▶ [What to produce]:
Please count the lines in these records that contain "Mercedes" and give only that count.

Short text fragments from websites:
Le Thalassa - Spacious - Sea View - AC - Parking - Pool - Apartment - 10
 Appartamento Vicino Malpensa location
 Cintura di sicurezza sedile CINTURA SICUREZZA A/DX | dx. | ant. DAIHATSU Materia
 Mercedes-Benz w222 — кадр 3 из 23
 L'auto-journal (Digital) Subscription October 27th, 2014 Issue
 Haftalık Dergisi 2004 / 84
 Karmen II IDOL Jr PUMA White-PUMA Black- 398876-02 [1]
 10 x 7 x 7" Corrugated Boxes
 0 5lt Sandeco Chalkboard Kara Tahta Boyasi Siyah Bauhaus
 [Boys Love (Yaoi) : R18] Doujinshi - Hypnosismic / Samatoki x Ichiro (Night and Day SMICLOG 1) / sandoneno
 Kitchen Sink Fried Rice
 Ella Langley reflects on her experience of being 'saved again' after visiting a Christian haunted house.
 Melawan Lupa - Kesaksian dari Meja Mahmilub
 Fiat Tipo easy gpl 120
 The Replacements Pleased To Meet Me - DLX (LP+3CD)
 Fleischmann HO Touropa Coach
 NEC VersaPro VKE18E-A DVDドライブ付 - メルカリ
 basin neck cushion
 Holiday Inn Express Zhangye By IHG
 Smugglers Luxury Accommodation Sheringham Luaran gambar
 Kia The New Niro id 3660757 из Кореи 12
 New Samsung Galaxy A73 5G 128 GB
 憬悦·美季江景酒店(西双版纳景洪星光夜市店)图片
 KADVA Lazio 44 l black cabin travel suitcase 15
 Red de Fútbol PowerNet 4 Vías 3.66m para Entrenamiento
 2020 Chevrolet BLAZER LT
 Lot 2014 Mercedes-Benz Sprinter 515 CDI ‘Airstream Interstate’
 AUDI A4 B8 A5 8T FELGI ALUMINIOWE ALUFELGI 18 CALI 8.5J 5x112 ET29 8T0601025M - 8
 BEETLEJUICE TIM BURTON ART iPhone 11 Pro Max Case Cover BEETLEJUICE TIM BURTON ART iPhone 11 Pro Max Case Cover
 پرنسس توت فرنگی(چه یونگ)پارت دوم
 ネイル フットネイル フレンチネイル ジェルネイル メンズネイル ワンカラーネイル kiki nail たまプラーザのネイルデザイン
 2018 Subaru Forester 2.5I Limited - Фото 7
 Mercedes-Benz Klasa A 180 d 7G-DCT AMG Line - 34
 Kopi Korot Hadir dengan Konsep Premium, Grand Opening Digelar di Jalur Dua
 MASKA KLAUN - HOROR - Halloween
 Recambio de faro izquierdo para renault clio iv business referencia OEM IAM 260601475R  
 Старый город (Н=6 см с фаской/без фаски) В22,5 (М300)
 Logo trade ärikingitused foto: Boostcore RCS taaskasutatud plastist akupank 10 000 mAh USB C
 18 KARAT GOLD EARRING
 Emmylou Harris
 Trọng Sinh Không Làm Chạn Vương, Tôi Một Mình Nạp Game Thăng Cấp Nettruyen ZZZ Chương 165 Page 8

▶ [Task solution]:
3